それに加えて館の書斎で見つけた手紙の束もある。
ザガンとの密約が記された証拠品だ。
彼女はそれらを机の上に放り投げる。
羊皮紙が滑る音がした。
男の視線が書類に釘付けになる。
彼の顔から血の気が引いた。
「そんなばかな。それは燃やしたはずだ」
リリアは冷ややかな瞳で男を見下ろす。
怒りも憎しみもそこにはない。
ただ汚れた虫けらを見るような目だった。
彼女は男の首元へ顔を近づける。
冷たい吐息が男の肌に触れた。
「これであなたの野望は終わりよ。大人しく罪を償いなさい」
声のトーンはどこまでも平坦だ。
男は首を激しく横に振る。
「待て。金ならいくらでも払う。
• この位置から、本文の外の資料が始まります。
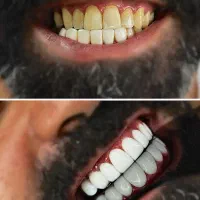جشنواره تخفیف کامپوزیت دندان / مواد درجه یک|خدمات زیبایی و سلامت|کرج, کرج نو|دیوار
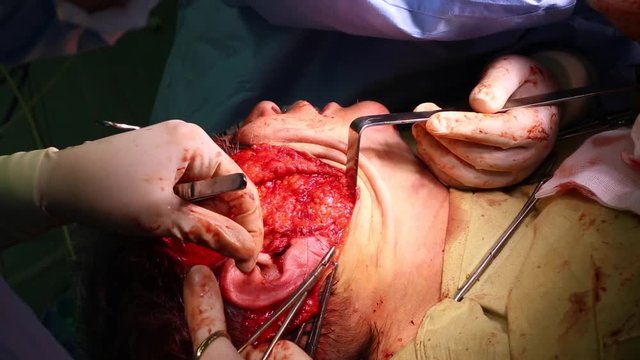 Plastic surgery to lift the face. A team of surgeons performed a facelift surgery. Close-up, blue light.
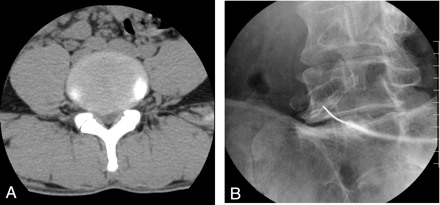 Fig 1.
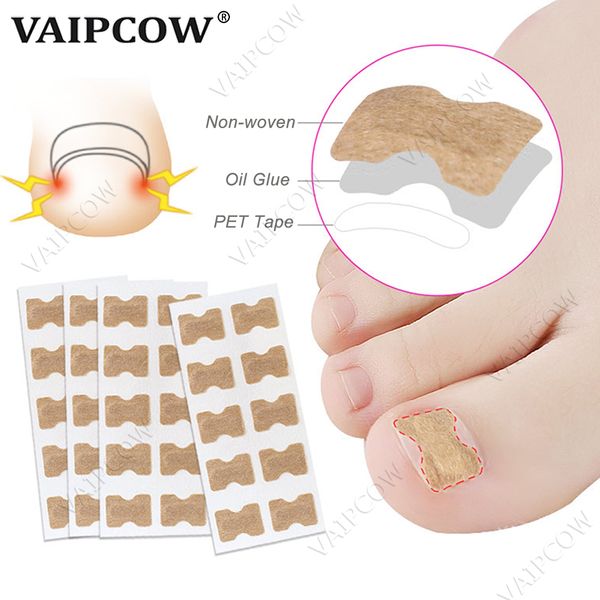 10 pcs ingrown toenail Corrector adesivos Paronhachy Tratamento Recuperar Corretor Pedicure Tool unha de toe unha cuidado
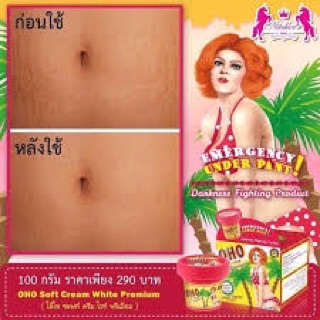 kem trị rạn bụng , đùi OHO Thái lan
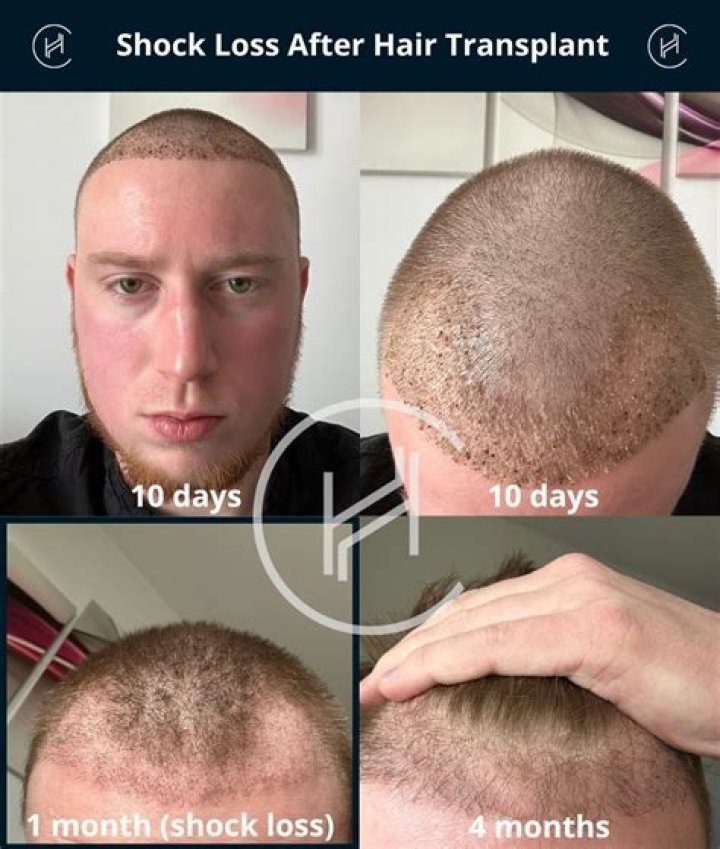 How long does hair loss from Covid last?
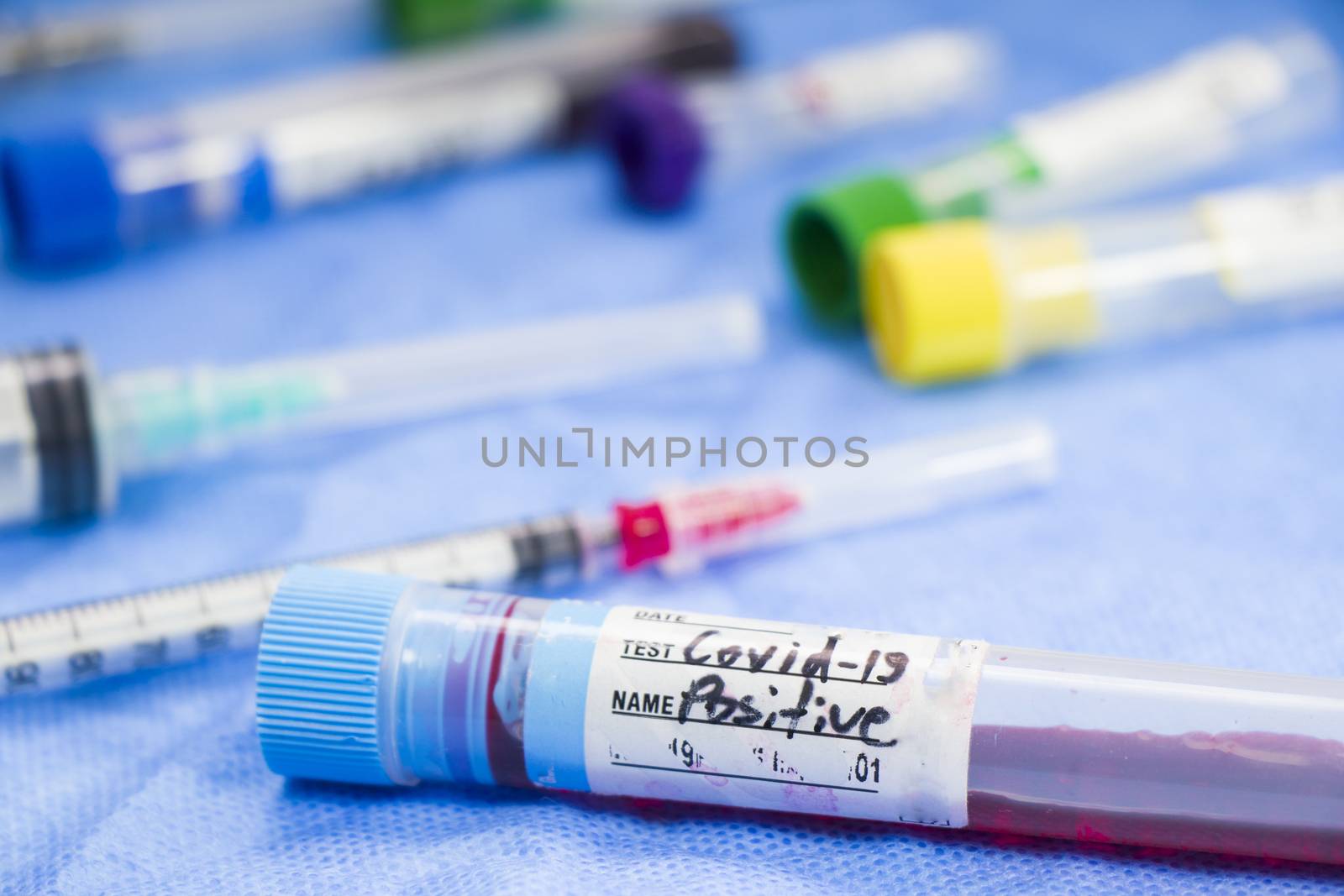 Corona virus and Covid-19 positive test samples. Tubes of blood. by Taidundua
私を見逃してくれ」
リリアは男の言葉を無視した。
彼の首の後ろにある急所を指先で突く。
意識を刈り取るための的確な一撃だ。
男は白目を剥いた。
糸が切れた操り人形のように床に崩れ落ちる。
いびきをかき始めた。
リリアは証拠の書類を机の目立つ場所に並べ直した。
領主軍が踏み込めばすぐに気づく配置だ。
◆ ◆ ◆
窓の外から歓声が聞こえてきた。
正門の方角からだ。
ザガンが消滅したことで魔物の統率が崩れたのだろう。
冒険者たちが魔物を押し返し始めている。
彼女は窓枠に足をかけた。
夜明け前の冷たい風が頬を撫でる。
空の東側がわずかに白み始めていた。
リリアは街の屋根へと跳躍する。
影のように滑らかに移動する。
誰の目にも留まることなく館を後にした。
足取りは羽のように軽い。
彼女の帰るべき場所は決まっている。